### ASSIGNMENT
The expected result is the full set of records, copied precisely, with images dropped.

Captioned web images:

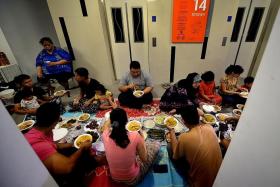 MAKAN: The residents of the 14th floor of Block 591A Montreal Link, share a meal during the breaking of the fast.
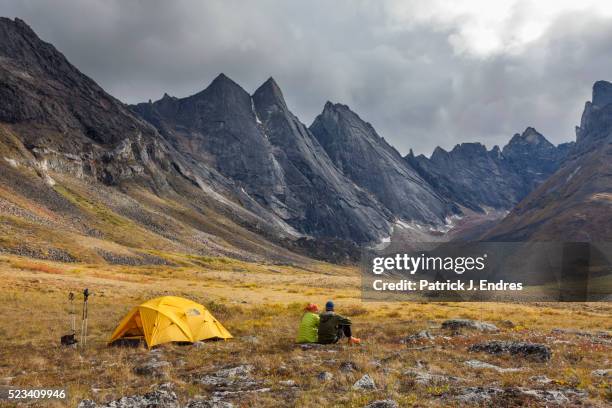 couple relax by campsite - terrain stock pictures, royalty-free photos & images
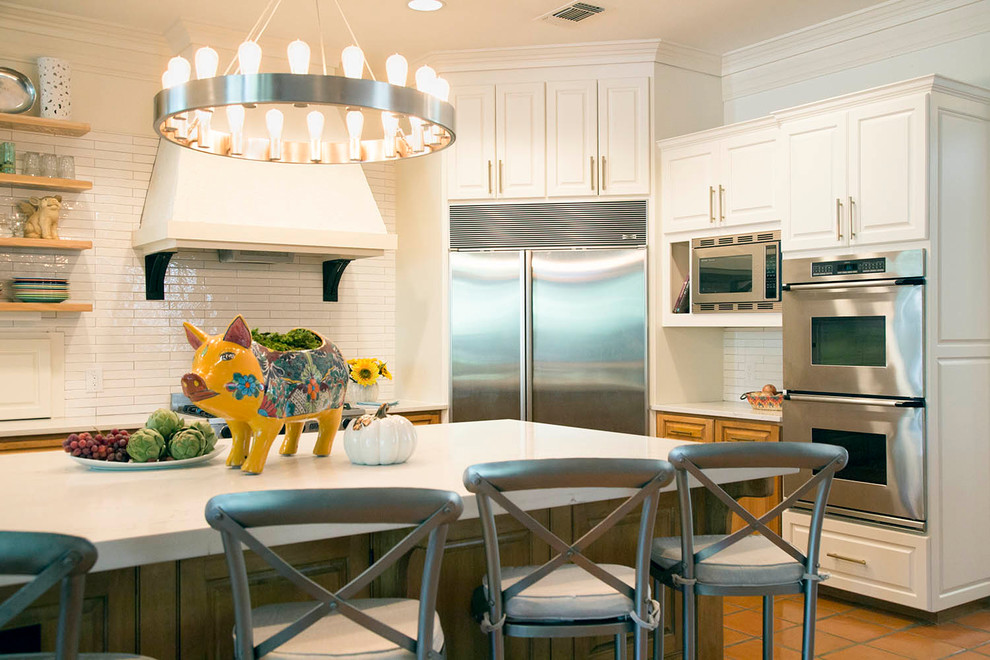 Example of a large southwest u-shaped dark wood floor and brown floor open concept kitchen design in Austin with raised-panel cabinets, quartz countertops, white backsplash, ceramic backsplash, stainless steel appliances and an island
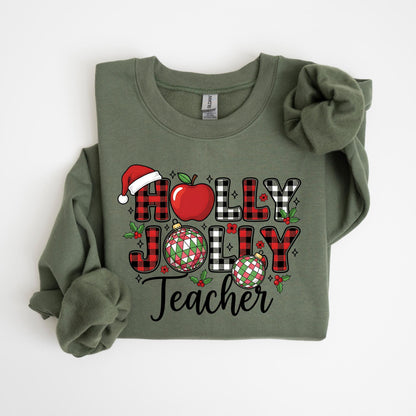 May include: An olive green sweatshirt with a festive design. The design includes the words "HOLLY JOLLY Teacher" in a mix of plaid, red, and black lettering, along with a Santa hat, apple, and Christmas ornaments. A seasonal apparel item.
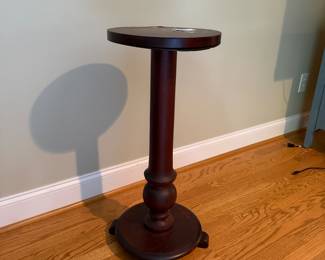 J146 - J146 - $35. Wooden Fern Stand. Measures 13" round x 30" tall. Top is a little warped.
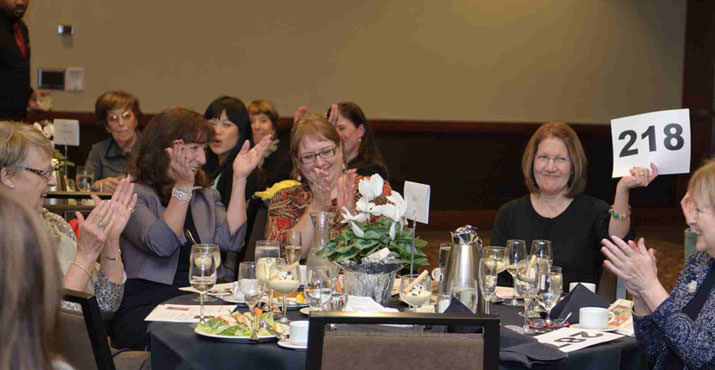 Jill Scott, Julene Siegel and Connie Medak bidding against each other to win the Painted Ladies quilt donated by Kathy Wheatley (far right)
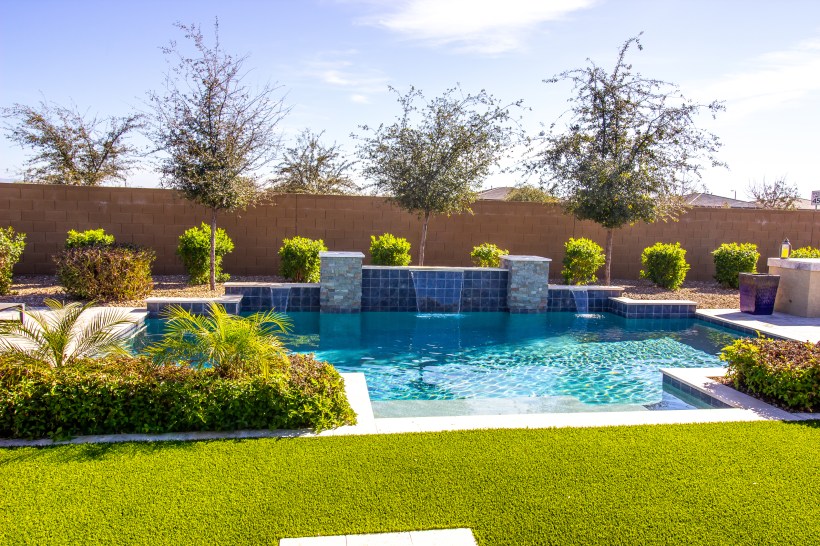 Modern, secluded swimming pool with waterfalls and surrounding plants in a backyard.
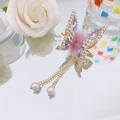 Golden butterfly hair clip with purple gems, pink pompom and pearl tassels in a mirror view - Mink Fur Tassel Butterfly / Purple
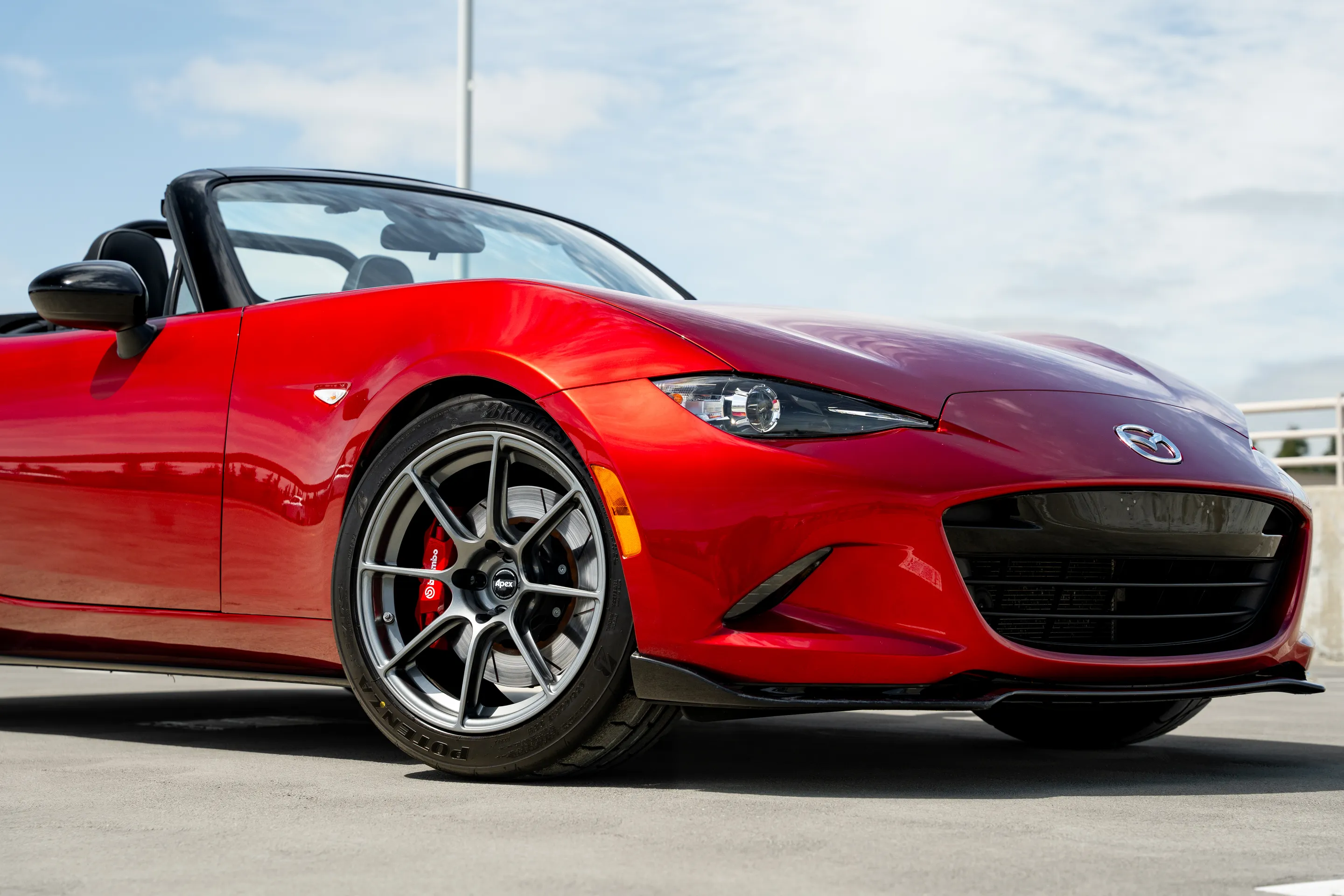 Red Mazda ND MX-5 Miata with 17" SM-8RS Apex wheels in Anthracite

### SOLVED PROBLEM
 MAKAN: The residents of the 14th floor of Block 591A Montreal Link, share a meal during the breaking of the fast.
 couple relax by campsite - terrain stock pictures, royalty-free photos & images
 Example of a large southwest u-shaped dark wood floor and brown floor open concept kitchen design in Austin with raised-panel cabinets, quartz countertops, white backsplash, ceramic backsplash, stainless steel appliances and an island
 May include: An olive green sweatshirt with a festive design. The design includes the words "HOLLY JOLLY Teacher" in a mix of plaid, red, and black lettering, along with a Santa hat, apple, and Christmas ornaments. A seasonal apparel item.
 J146 - J146 - $35. Wooden Fern Stand. Measures 13" round x 30" tall. Top is a little warped.
 Jill Scott, Julene Siegel and Connie Medak bidding against each other to win the Painted Ladies quilt donated by Kathy Wheatley (far right)
 Modern, secluded swimming pool with waterfalls and surrounding plants in a backyard.
 Golden butterfly hair clip with purple gems, pink pompom and pearl tassels in a mirror view - Mink Fur Tassel Butterfly / Purple
 Red Mazda ND MX-5 Miata with 17" SM-8RS Apex wheels in Anthracite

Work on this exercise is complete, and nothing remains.